───── Data provided
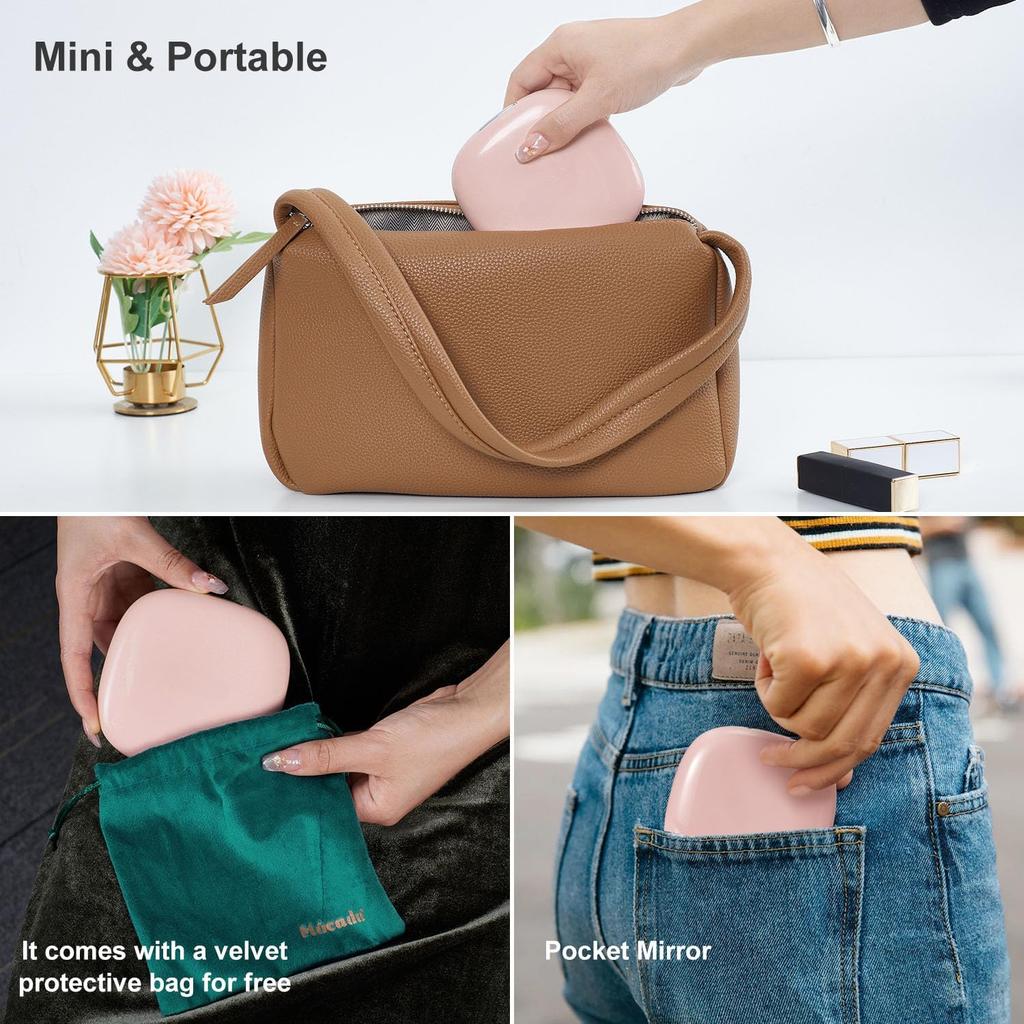 Specchio per Trucco da Viaggio LED Compatto Ingrandente 1X/10X Piccolo da Mano Tascabile Dimmerabile a 2 Lati Ricaricabile USB Touch Screen Portatile
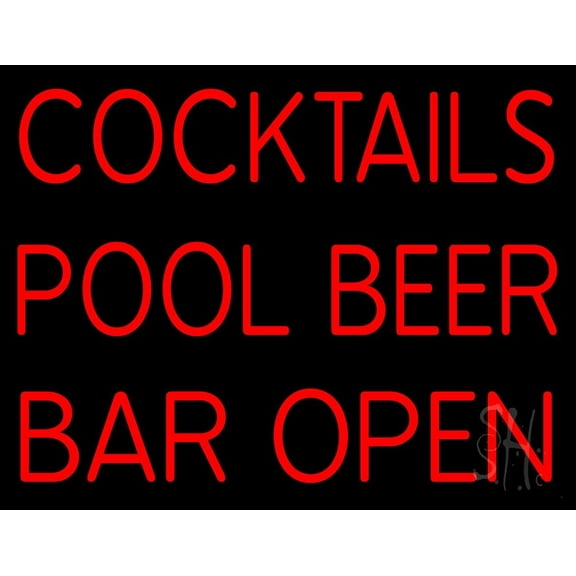 Cocktails Pool Beer Bar Open LED Neon Sign 15 x 19 - inches, Clear Edge Cut Acrylic Backing, with Dimmer - Bright and Premium built indoor LED Neon Sign for Bar decor.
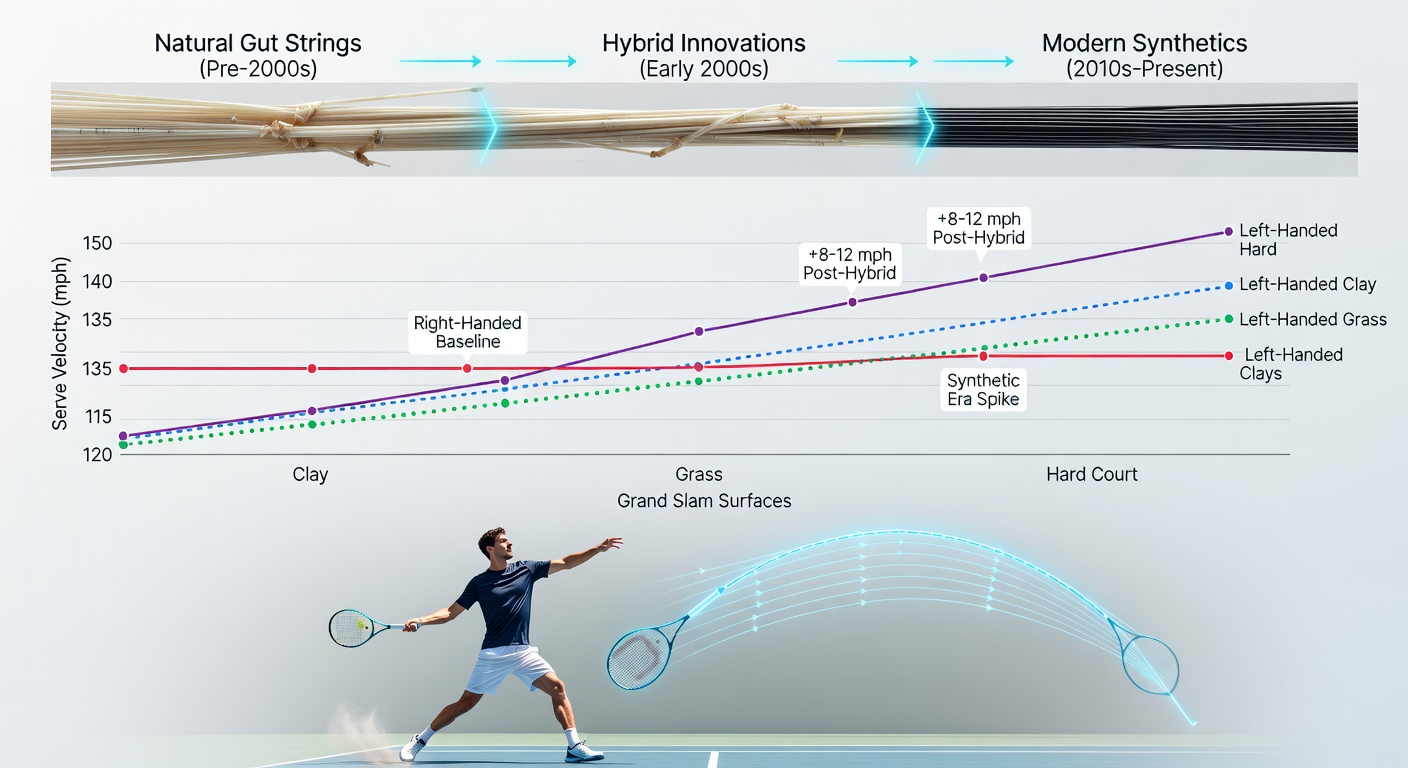 Close-up of tennis racket strings showing varied thread counts and tension patterns on a professional court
──────────
▶ _Work order_: Everything in the listing above must be retyped exactly, except for the pictures.

▶ _Exercise response_:
 Specchio per Trucco da Viaggio LED Compatto Ingrandente 1X/10X Piccolo da Mano Tascabile Dimmerabile a 2 Lati Ricaricabile USB Touch Screen Portatile
 Cocktails Pool Beer Bar Open LED Neon Sign 15 x 19 - inches, Clear Edge Cut Acrylic Backing, with Dimmer - Bright and Premium built indoor LED Neon Sign for Bar decor.
 Close-up of tennis racket strings showing varied thread counts and tension patterns on a professional court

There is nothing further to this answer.